Question #3: Who on the team are you concerned about today? This one is perhaps the most important when it comes to emphasizing leadership beyond position and the need to divest oneself of positional authority. As you talk with your team members and mentor those who will replace you, ask them who they’re concerned about. It doesn’t have to be someone subordinate or younger, it doesn’t even have to be someone on the same team or in the same department. The point is not to highlight whether they’re paying attention up and down the chain; in fact, the message is stronger if who they talk about isn’t connected to them on a chart. Meaningful engagement as a leader is about reading the actions and emotions of others and responding in a manner that is as closely relevant to their needs as possible. Consider a hard-working analyst in your company who’s missed their last two deadlines. The easy explanation, perhaps, is that they’re disgruntled, maybe looking for new work or is somehow tanking her performance for malicious reasons. But what does their family look like at home? Do they have a spouse deployed or child going through a stressful time? Are their parents in failing health or struggling financially? The missed deadlines are but an indicator of a problem that could be far greater in magnitude below the observable surface. Such icebergs exist in all of our teammates. Everyone has something going on in the background; we hope they’re good things, but more often than not there’s stress of some variety that has the potential to negatively impact that person’s performance and perception of meaning in what they do. Articulating your concern is the first step in seeking that person out and asking questions that can lead to the help that person needs. Help to get past the source of stress, to reconcile with a problem that’s been around for days or weeks or longer. And helping them past that problem, getting them to a state better than yesterday was, is leadership that’s not about you. And it’s leadership you can exercise from anywhere in the organization, from your first day to your last.

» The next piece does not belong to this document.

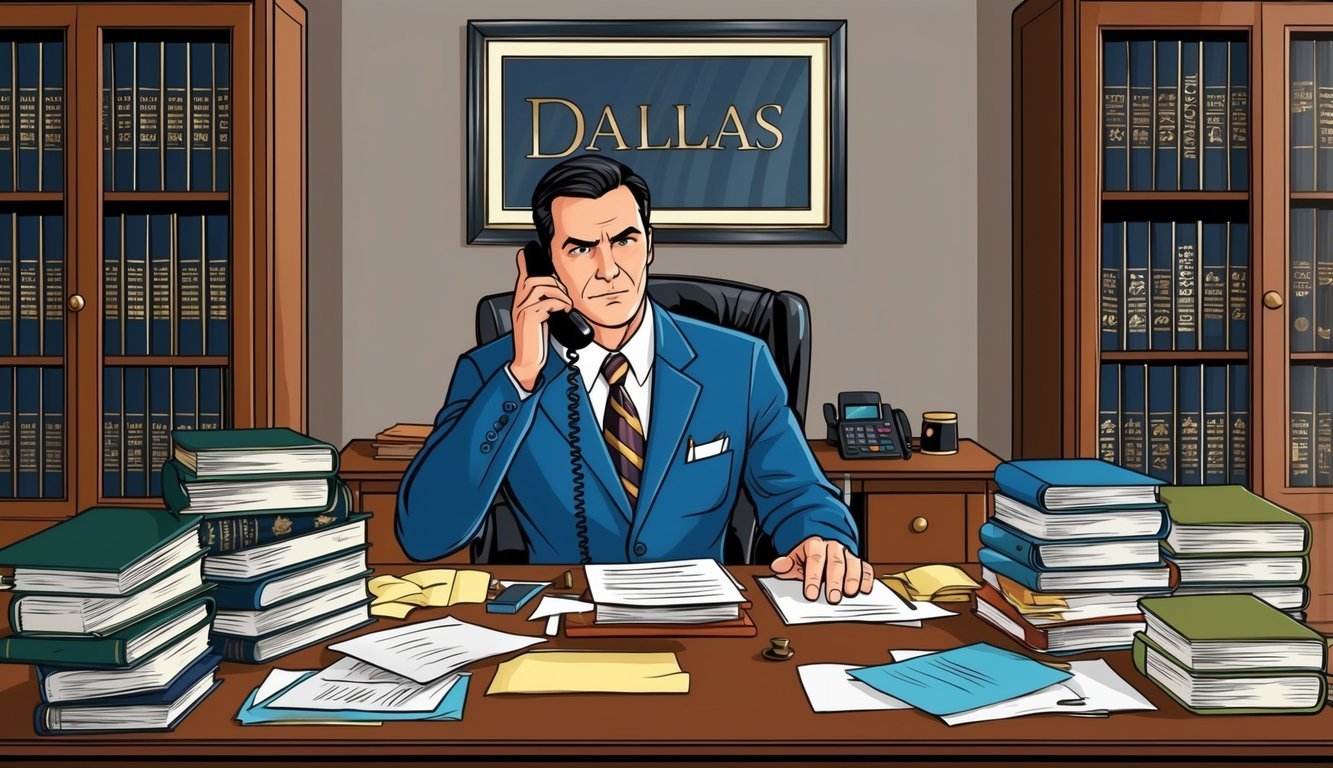 A lawyer's office in Dallas, with shelves of legal books and a desk cluttered with papers.</p><p>A determined attorney is on the phone, preparing to sue a bank for liability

We often complicate “leadership” and what it takes to build a successful team. The more layers we add on, the more expectations we levy, the more difficult it becomes to see through the fog and understand that leadership has nothing to do with positions, org charts, job descriptions, or speeches before a crowd. Leadership is about the connection between one person and another. And another. And another. It’s these connections made over time that enables individuals to become teams, and enables teams to realize lasting vision.